Wiltjer assumed a bigger role in his sophomore year. He made 10 starts while averaging 24 minutes, 10.2 points, 4.2 rebounds and hitting nearly 37% on 3-pointers, but the Wildcats struggled and eventually lost to Robert Morris in the first round of the NIT.

“It was super tough (to transfer) because I built so many friendships and the basketball was tough, too,” he said. “Going to Gonzaga was the best thing for me at the time. People kind of knew who I was, but I still had to make a name for myself.”

Which is what he did with the Zags. In two seasons, he averaged 18.6 points, 6.3 boards and nailed nearly 45% of his 3-point attempts. He went on to make Houston’s roster as an undrafted rookie and played in 14 NBA games before stints in Greece, Spain, Turkey and China.

“Everything happens for a reason and I kind of had the best of both worlds,” said Wiltjer, who was AP third-team All-American in 2015 and honorable mention the following season. “Kentucky was a super competitive environment. You’re around all the NBA guys and it really made me believe I could make the NBA. At Gonzaga, the skill development really helped my game, the redshirt program (sitting out one year under NCAA transfer rules) really helped me. The combination of both experiences helped me make the Rockets.”

Wiltjer said Few and Calipari are similar in that they’re both “straight shooters,” but they’ve built dominant programs with their own philosophies.

“They run two different offenses, but they’re some of the best basketball minds in college basketball,” Wiltjer said. “Cal has his system, but the way he gets guys to compete … coach Few is the same way. There’s a high standard both set for their programs. It wasn’t fun going to practice some days for either one. You’re going to get yelled at but playing for both and seeing that coaching fire was great.”

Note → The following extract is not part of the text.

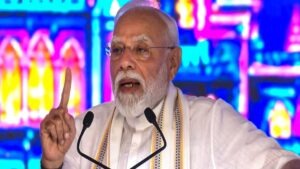 हमने 50,000 रेल कोच बनाए, कांग्रेस सरकार 50,000 शौचालय भी नहीं बना सकी: PM मोदी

Calipari’s coaching fire is the first thing that pops into Wiltjer’s mind when asked for his best Calipari story.

“I don’t remember the game in my freshman year, but I made two mistakes so I’m coming out of the game,” Wiltjer said. “He’s screaming at me. I just sit down, he finishes yelling at me and I’m thinking, ‘Oh man, I might not play the rest of the first half.’

“Literally 5 seconds later, he turns to me and it’s, ‘Kyle, get back into the game.’ That was one of his things, take you out, yell at you to make his point and put you back in and let you play. I went back in fearless and made two 3s. You make a mistake and he’s going to give you another chance.”

And Wiltjer’s best Few story?

“I can’t remember what the game is called, it’s not tennis,” begins Wiltjer, when an interviewer suggests pickleball. “Yes, pickleball. In the summer time when we went to the lake for one of those leadership (team-building) things. It was in between one of our sessions and he was just running the pickleball courts and nobody could beat him. The guy acts like he’s 30.”

Wiltjer has done several interviews leading up to Sunday’s game and he’s received numerous requests on Twitter for his prediction.

“This is my politically correct answer,” Wiltjer said. “Any time I’m doing a Gonzaga interview, I’m going for the Zags. Anytime it’s a Kentucky interview, I’m going ‘Cats.”